━━━ Extracted entries ━━━

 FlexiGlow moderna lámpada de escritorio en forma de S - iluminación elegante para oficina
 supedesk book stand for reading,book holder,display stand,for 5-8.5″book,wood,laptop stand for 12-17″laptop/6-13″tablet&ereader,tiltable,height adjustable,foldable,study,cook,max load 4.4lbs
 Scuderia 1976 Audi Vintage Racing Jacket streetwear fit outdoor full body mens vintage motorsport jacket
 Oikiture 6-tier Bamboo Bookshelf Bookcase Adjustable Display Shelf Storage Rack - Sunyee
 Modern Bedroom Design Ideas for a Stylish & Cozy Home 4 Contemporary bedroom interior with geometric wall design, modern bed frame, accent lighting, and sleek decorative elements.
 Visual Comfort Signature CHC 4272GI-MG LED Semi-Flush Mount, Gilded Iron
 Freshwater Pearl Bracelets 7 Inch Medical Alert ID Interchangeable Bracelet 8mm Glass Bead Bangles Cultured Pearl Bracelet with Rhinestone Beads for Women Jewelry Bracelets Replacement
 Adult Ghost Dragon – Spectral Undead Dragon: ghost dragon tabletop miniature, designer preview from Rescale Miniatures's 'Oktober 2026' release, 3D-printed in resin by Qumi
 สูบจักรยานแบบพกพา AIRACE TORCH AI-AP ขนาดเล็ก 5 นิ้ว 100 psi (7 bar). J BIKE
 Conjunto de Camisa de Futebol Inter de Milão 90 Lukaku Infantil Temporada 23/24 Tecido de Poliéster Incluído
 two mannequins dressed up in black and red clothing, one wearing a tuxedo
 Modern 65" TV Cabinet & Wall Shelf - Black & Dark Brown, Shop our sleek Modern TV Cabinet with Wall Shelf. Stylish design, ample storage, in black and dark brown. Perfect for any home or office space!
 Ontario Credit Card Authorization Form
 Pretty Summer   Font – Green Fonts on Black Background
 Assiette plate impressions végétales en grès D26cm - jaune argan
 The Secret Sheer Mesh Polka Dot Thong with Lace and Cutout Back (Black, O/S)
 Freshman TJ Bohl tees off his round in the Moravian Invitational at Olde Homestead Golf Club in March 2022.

━━━

> Activity: Start with the line above that contains "สูบจักรยานแบบพกพา AIRACE TORCH" and stop after the line that contains "two mannequins dressed". Output those lines exactly, and only those.

> Exercise answer:
 สูบจักรยานแบบพกพา AIRACE TORCH AI-AP ขนาดเล็ก 5 นิ้ว 100 psi (7 bar). J BIKE
 Conjunto de Camisa de Futebol Inter de Milão 90 Lukaku Infantil Temporada 23/24 Tecido de Poliéster Incluído
 two mannequins dressed up in black and red clothing, one wearing a tuxedo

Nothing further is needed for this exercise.